Exercise details –
Please write out only the lines from the line with "TANJU ÖZCAN’IN KADERİ BELLİ OLACAK" to the line with "Xóc Đĩa Go88", inclusive, exactly as they stand below, without the pictures.

Records excerpted from a collection –

###

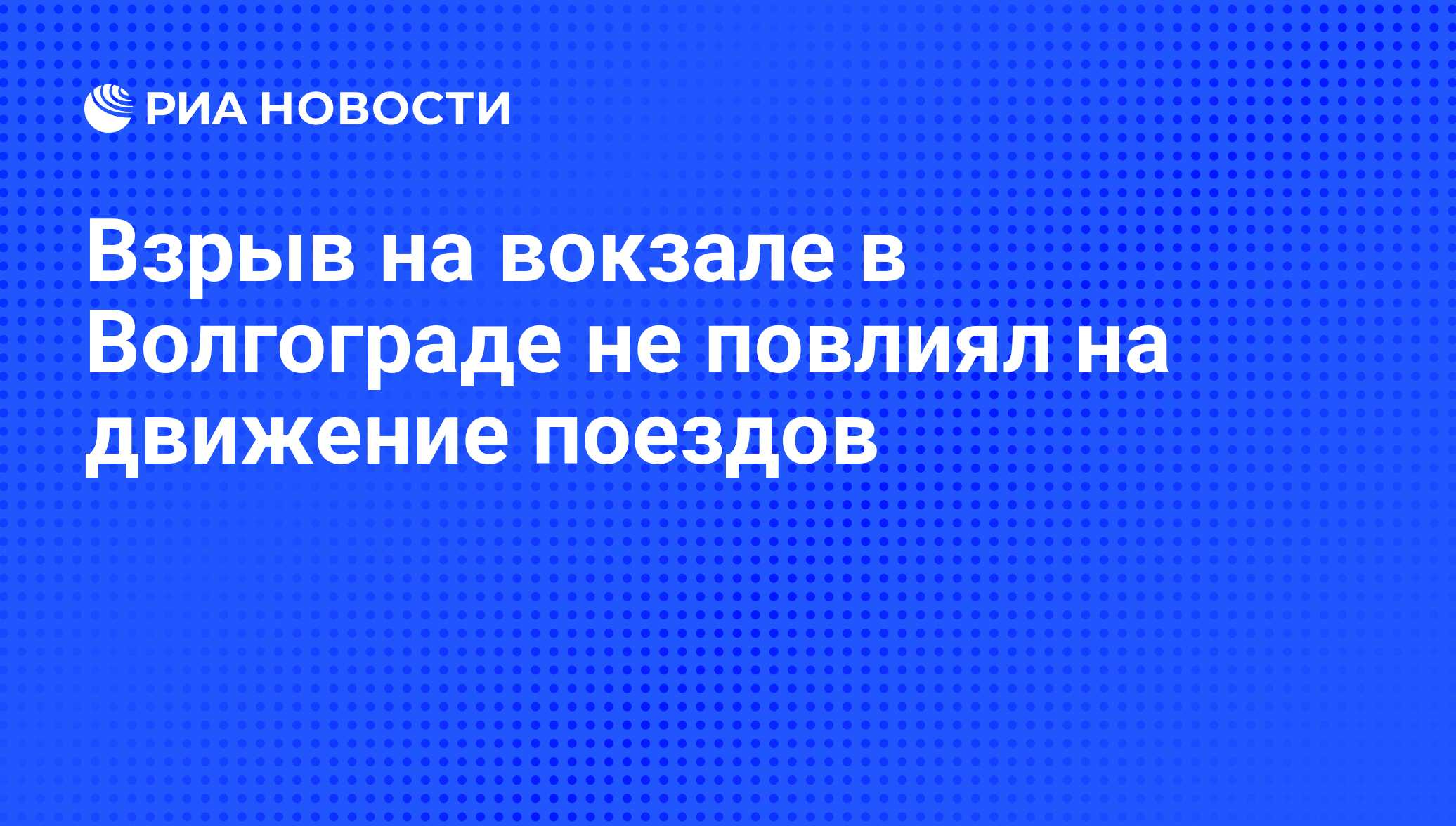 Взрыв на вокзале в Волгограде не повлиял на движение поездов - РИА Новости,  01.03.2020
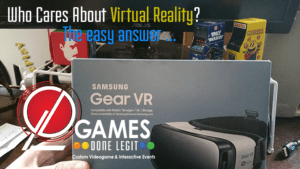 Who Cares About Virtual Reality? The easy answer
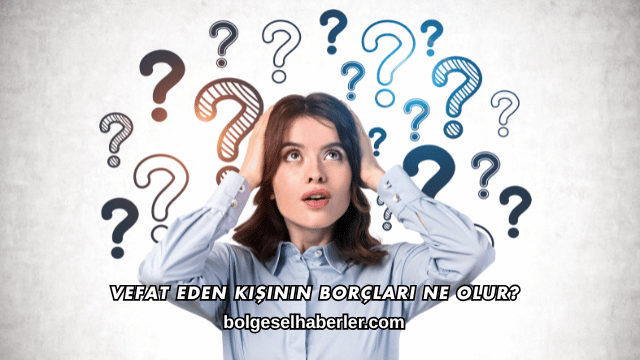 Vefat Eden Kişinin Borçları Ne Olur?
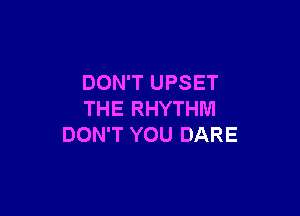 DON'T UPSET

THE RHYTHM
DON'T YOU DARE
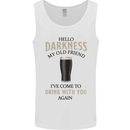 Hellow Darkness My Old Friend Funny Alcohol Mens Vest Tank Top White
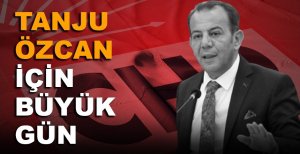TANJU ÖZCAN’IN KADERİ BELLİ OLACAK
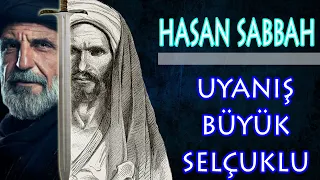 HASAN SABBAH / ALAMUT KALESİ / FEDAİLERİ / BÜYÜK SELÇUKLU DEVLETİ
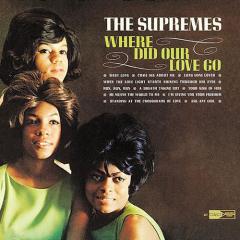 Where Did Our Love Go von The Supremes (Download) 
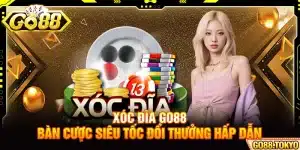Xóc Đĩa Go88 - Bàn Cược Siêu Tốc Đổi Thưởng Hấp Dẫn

###

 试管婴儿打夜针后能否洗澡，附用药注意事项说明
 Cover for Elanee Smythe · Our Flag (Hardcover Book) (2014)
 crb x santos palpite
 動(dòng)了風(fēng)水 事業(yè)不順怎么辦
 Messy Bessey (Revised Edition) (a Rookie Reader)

###

Answer to the problem –
TANJU ÖZCAN’IN KADERİ BELLİ OLACAK
 HASAN SABBAH / ALAMUT KALESİ / FEDAİLERİ / BÜYÜK SELÇUKLU DEVLETİ
 Where Did Our Love Go von The Supremes (Download) 
Xóc Đĩa Go88 - Bàn Cược Siêu Tốc Đổi Thưởng Hấp Dẫn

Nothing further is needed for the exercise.